Google defines a set of standard detail payloads for error details, which cover most common needs for API errors. Services should use these standard details payloads when feasible.

Structured details with machine-readable identifiers must be used if users will need to write code against a specific aspect of the error. Error message strings may change over time; however, if an error message does not have a machine-readable identifier in addition to the code field, changing the error message must be considered a backwards-incompatible change.

ErrorInfo

The ErrorInfo message is the required way to send a machine-readable identifier. All error responses must include an ErrorInfo payload in the details field. Variable information should be included in the metadata field on ErrorInfo and must be included if it appears within an error message.

Uniqueness

Each type of detail payload must be included at most once. For example, there must not be more than one BadRequest message in the details field, but there may be a BadRequest and a PreconditionFailure.

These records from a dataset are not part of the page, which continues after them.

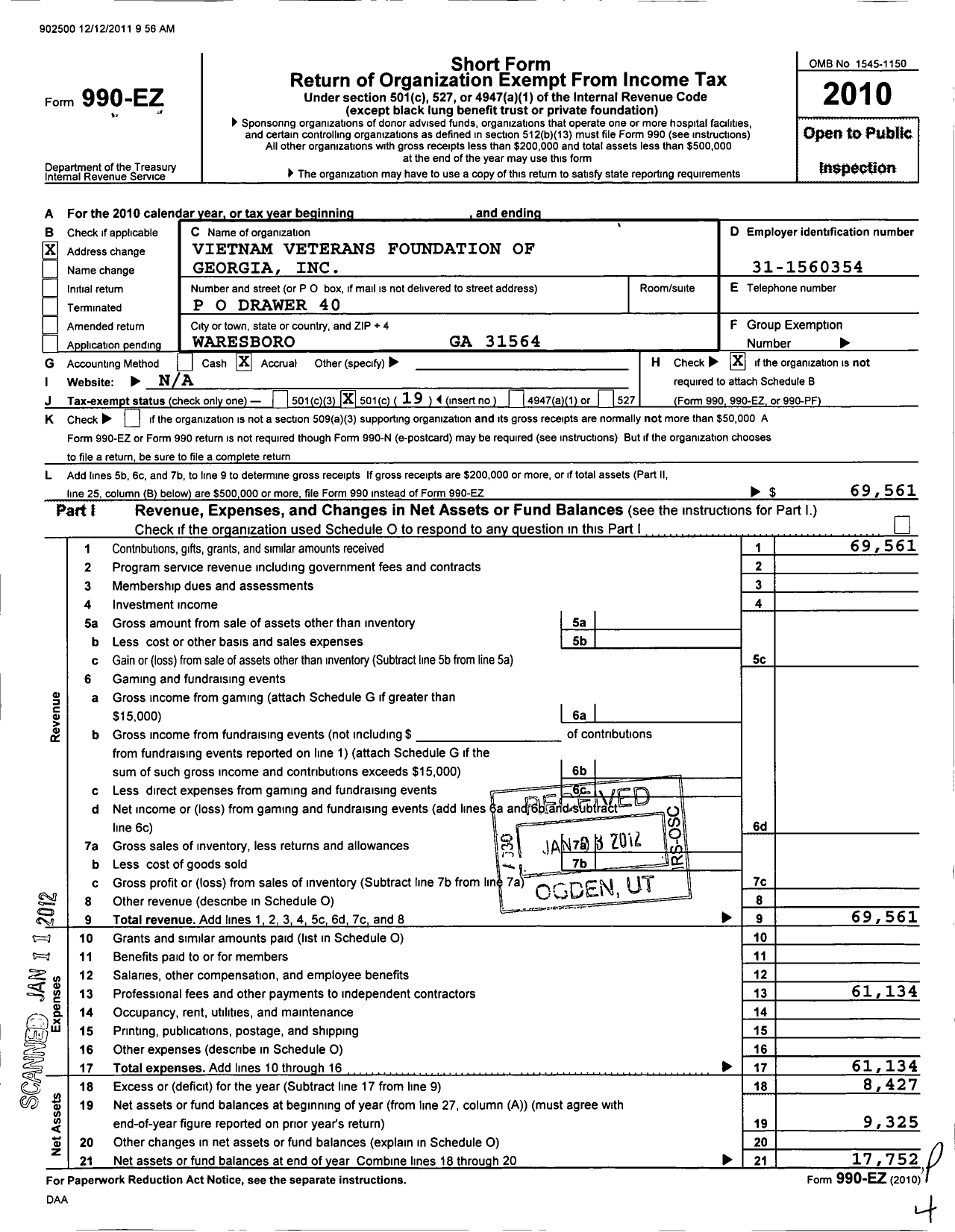 Image of first page of 2010 Form 990EO for Vietnam Veterans Foundation of Georgia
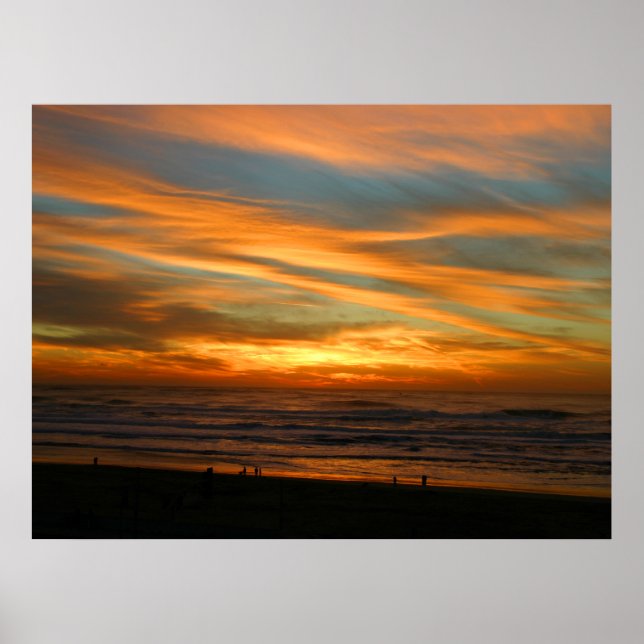 Affiche Coucher De Soleil D'Été Avec De Beaux Nuages Orang (Devant)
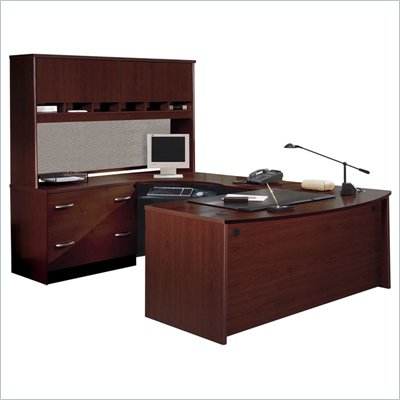 Bush Series C Executive U-Shape Wood Desk in Mahogany
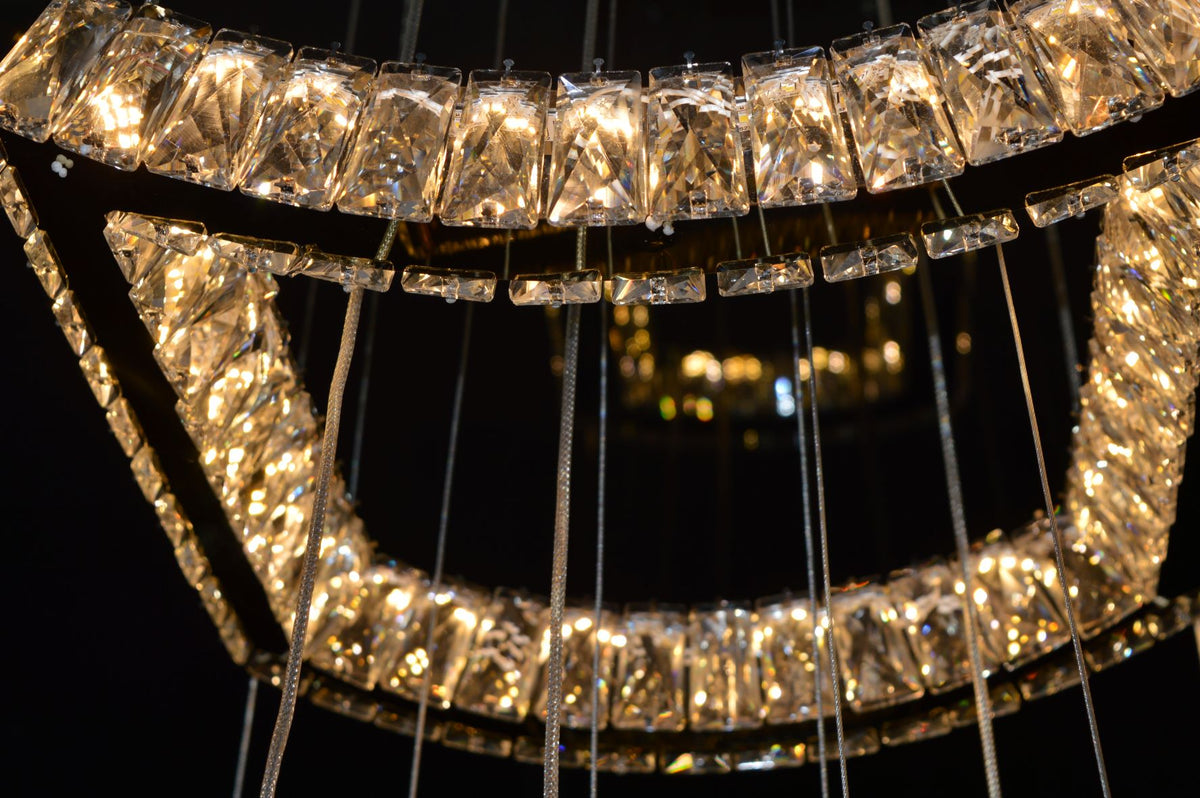 5 & 2 Layer Crystallic LED Chandeliers -Colour Changing Dimmable with Remote Control-5103-550 & 5103-550-5-Chrome & Gold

Note: ErrorInfo represents a special case. There must be exactly one ErrorInfo. It is required.

Error messages

For each error, the service must populate the message field on google.rpc.Status. This error message,

  • is a developer-facing, human-readable "debug message"
  • is presented in the service's native language
  • both explains the error and offers an actionable resolution to it (citation)

Note: Sometimes a service will elect to always present Status.message in English rather than the application's native language so that messages are easily searchable in common knowledge bases, such as StackOverflow™.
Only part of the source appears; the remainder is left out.